8. — Alors que l’équivalence abstraite doit être, en tout état de cause, respectée car elle constitue une qualité intrinsèque de la structure du contrat, l’équivalence concrète peut ne pas être exigée par le droit. C’est ce qui est le cas pour notre droit français. La formule de Fouillée reflète la pensée de l’époque selon laquelle les parties sont les mieux à même d’apprécier ce qui est bon pour eux. Le droit ne doit donc pas remédier, du moins, qu’à titre exceptionnel, au déséquilibre contractuel. Toute la difficulté tient donc à trouver la « subtile formule » qui permet d’aboutir à une solution dite « juste » dans notre hypothèse de déséquilibre économique, sans pour autant qu’elle altère des concepts, créés dans un contexte où justement la recherche de l’équivalence concrète n’était pas admise. Autrement dit, il s’agit de déterminer dans quelle mesure il est possible de rétablir le déséquilibre contractuel procédant du déséquilibre économique existant entre les cocontractants.

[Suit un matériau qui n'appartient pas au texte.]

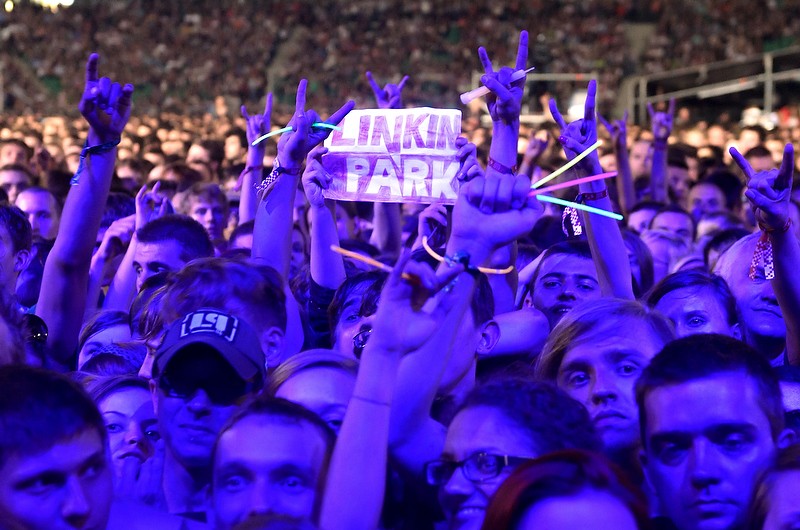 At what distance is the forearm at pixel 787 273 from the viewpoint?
355 centimetres

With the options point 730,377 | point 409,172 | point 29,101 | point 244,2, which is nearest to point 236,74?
point 244,2

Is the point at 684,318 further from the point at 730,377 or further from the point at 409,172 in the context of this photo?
the point at 730,377

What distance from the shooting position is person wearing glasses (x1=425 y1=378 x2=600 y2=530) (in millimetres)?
2430

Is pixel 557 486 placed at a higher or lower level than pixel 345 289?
lower

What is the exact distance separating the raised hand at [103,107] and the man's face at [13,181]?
13.9 ft

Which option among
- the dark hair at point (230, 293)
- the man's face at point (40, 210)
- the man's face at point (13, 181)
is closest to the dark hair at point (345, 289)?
the dark hair at point (230, 293)

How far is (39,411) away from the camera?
2213 mm

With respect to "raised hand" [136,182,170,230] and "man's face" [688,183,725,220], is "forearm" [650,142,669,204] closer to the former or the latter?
"man's face" [688,183,725,220]

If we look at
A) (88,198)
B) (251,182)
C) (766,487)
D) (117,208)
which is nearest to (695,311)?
(766,487)

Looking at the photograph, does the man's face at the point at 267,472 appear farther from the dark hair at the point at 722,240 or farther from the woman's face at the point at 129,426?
the dark hair at the point at 722,240

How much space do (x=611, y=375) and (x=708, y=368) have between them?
469 millimetres

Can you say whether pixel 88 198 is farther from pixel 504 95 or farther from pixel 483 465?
pixel 483 465

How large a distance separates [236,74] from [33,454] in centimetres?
2386

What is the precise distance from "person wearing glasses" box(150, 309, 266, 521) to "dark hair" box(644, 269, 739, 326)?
1.63 meters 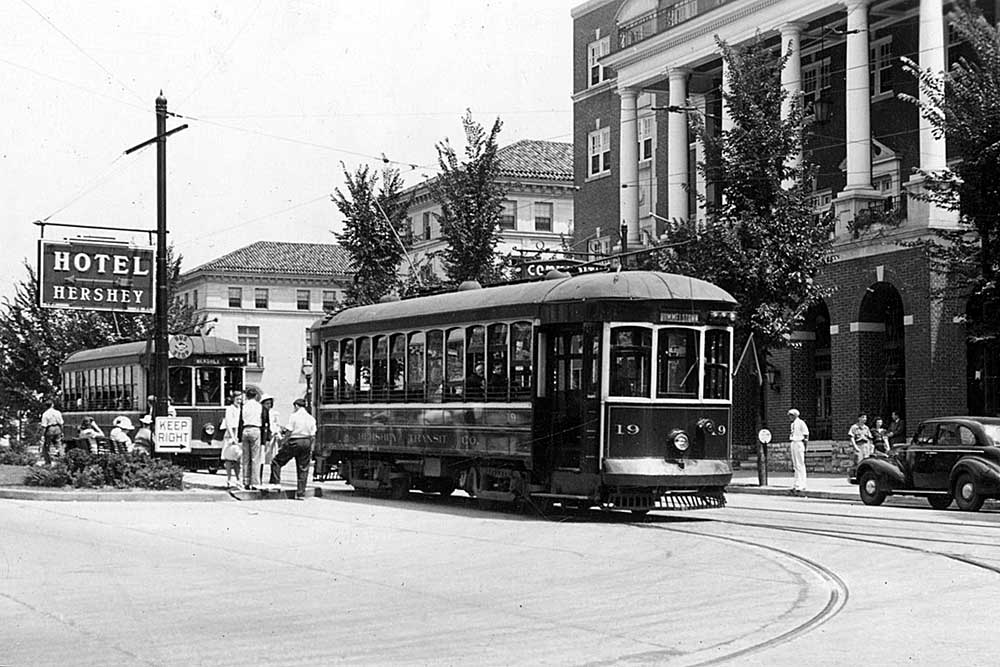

9. — Le recours le plus significatif pour aboutir à l’équivalence concrète est sans nul doute celui qui fait appel à la théorie de la lésion. C’est le seul instrument juridique prévu par le droit napoléonien dont la finalité même est d’assurer l’équivalence concrète. La lésion est la stricte définition de l’inéquivalence concrète, c’est un écart entre une valeur (la valeur économique) et un prix (la valeur juridique) inscrit dans le contrat. Il est possible de trouver plusieurs dérivés de la théorie de la lésion, ce qui nous conduit à établir une distinction toute théorique entre les dérivés « classiques » (Titre I), et ceux plus « originaux » qui restent à l’état de proposition doctrinale (Titre II).